Despite the presence of AI in business, especially in marketing and sales, the manufacturing sector is lagging somewhat behind. Could the reasons be problems with access to data, standardization of processes, resistance to investing in modern AI tools, or lack of trust in AI tools? We discussed this today with Greg Bigos, CEO of F33. 
AI in Business Practice: Optimizing Manufacturing Processes vs. Challenges of Trusting AI Tools - a conversation with Greg Bigos, CEO of F33.

In today’s dynamic business world, using tools based on artificial intelligence (AI) is becoming an integral part of companies’ strategies. In the area of production planning, it is becoming a challenge to build trust in modern solutions. Despite the presence of AI in business, especially in marketing and sales, the manufacturing sector is lagging somewhat behind. Could the reasons be problems with access to data, standardization of processes, resistance to investing in modern AI tools, or lack of trust in AI tools? We discussed this today with Greg Bigos, CEO of F33. 
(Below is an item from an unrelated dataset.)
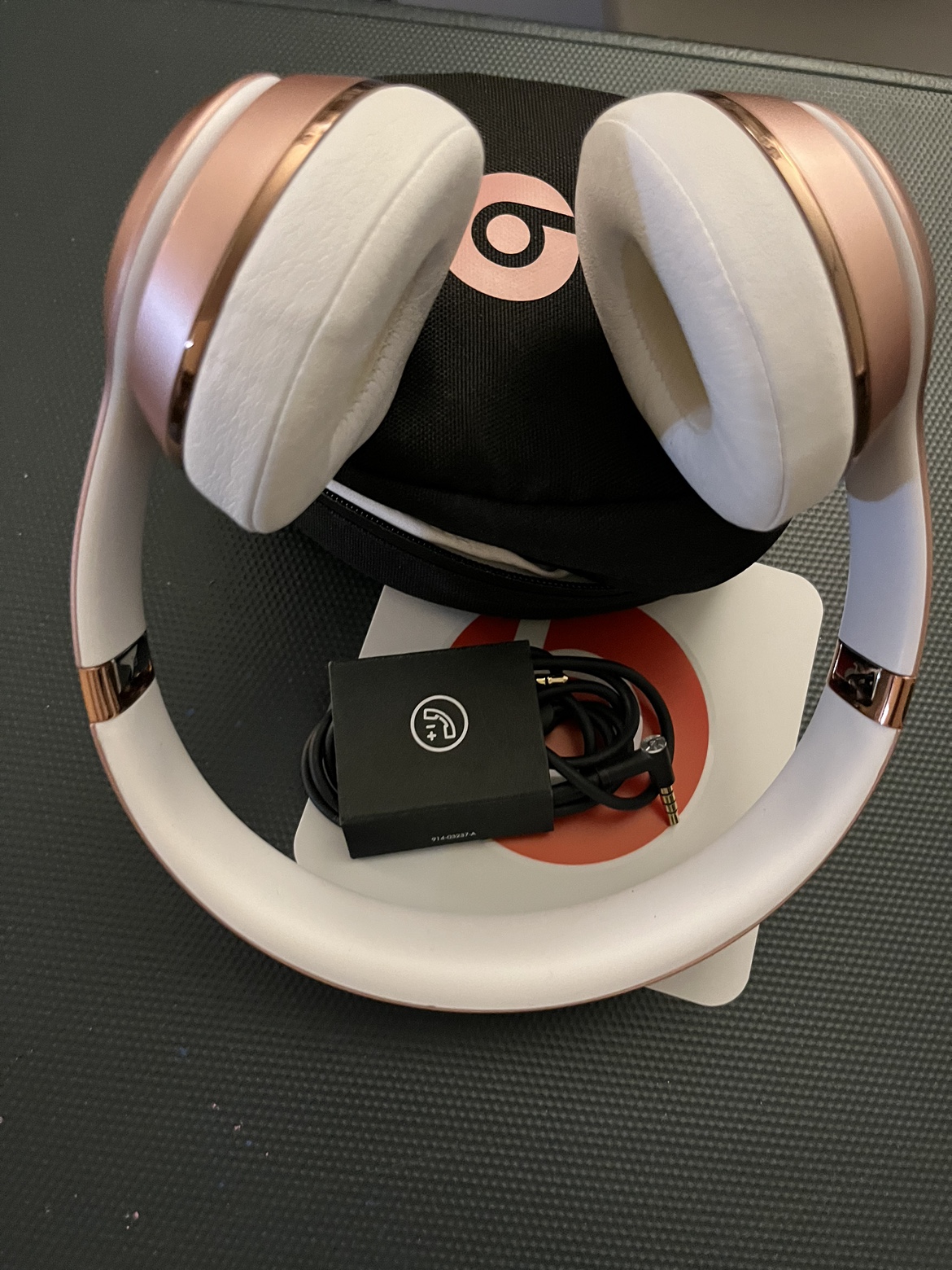 Beats Solo 3 Wireless Headphones - photo 4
Greg, you have extensive knowledge and experience in the field of production planning. Together with Wit Jakuczun, CTO of F33, you are working on tools based on artificial intelligence with which you want to help companies optimize their business processes. Why this particular direction?

I have been involved in production planning for many years, and our deep experience in this field has led us to choose this particular field. My professional history also includes work on production process optimization, but before that, it was mainly focused on the ERP area, where artificial intelligence was not yet widely used.
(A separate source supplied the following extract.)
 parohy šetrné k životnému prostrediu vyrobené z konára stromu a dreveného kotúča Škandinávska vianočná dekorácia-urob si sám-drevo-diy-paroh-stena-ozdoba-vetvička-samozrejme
Using Wit’s experience in building models and algorithms, we are adding a new dimension to our operations, which is a unique synergy. We have come a long way, innovating on the production side, primarily through the use of artificial intelligence. Continuous improvement and exploration of new possibilities make our approach to production planning modern and effective.

As we mentioned earlier, areas such as sales and marketing are already heavily using AI/ML technologies, and various AI tools have already penetrated many people’s daily lives. However, we note that these technologies are not as widely used in production. Our goal is to change this picture by providing practical and innovative AI-based solutions that deliver actual results for companies operating in the manufacturing field.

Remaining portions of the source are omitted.